** Directions for this task **
Only one span is wanted from the lines below: from the one with "AMPUTATION REVIEW" up to and including the one with "Thumbnail of Stereoscope". Copy it exactly, without images.

** The data **
****************************************
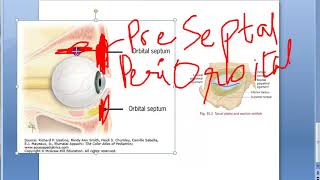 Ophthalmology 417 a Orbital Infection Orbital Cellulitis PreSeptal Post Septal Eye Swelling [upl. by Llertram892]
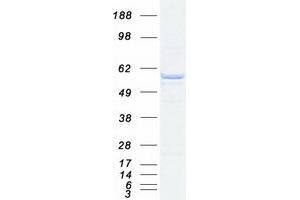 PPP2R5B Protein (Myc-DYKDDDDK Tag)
****************************************
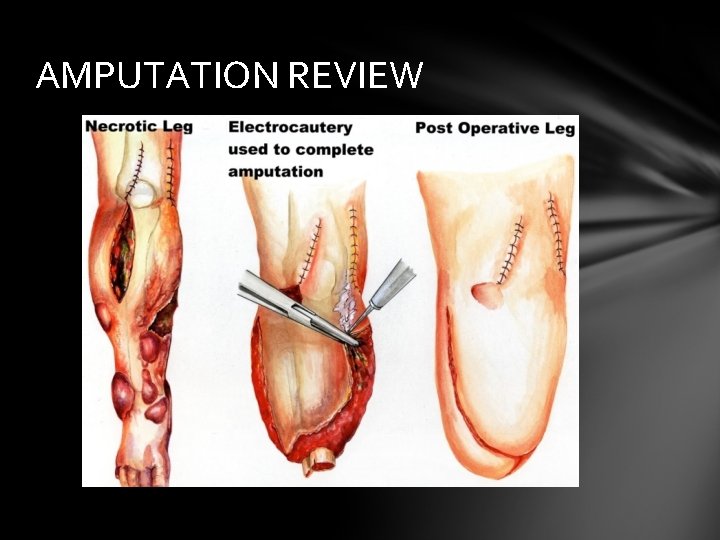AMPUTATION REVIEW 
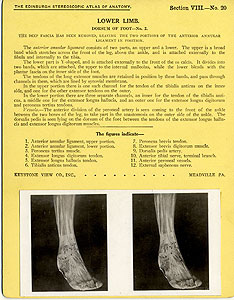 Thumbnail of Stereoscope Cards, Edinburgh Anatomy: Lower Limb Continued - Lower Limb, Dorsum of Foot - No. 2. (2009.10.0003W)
****************************************
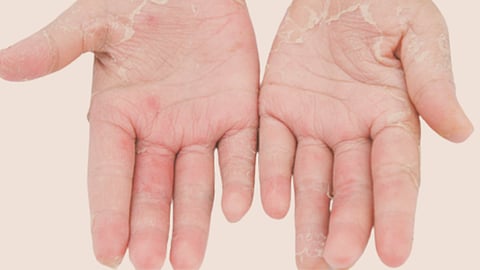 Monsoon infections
****************************************
** Response area **
AMPUTATION REVIEW 
 Thumbnail of Stereoscope Cards, Edinburgh Anatomy: Lower Limb Continued - Lower Limb, Dorsum of Foot - No. 2. (2009.10.0003W)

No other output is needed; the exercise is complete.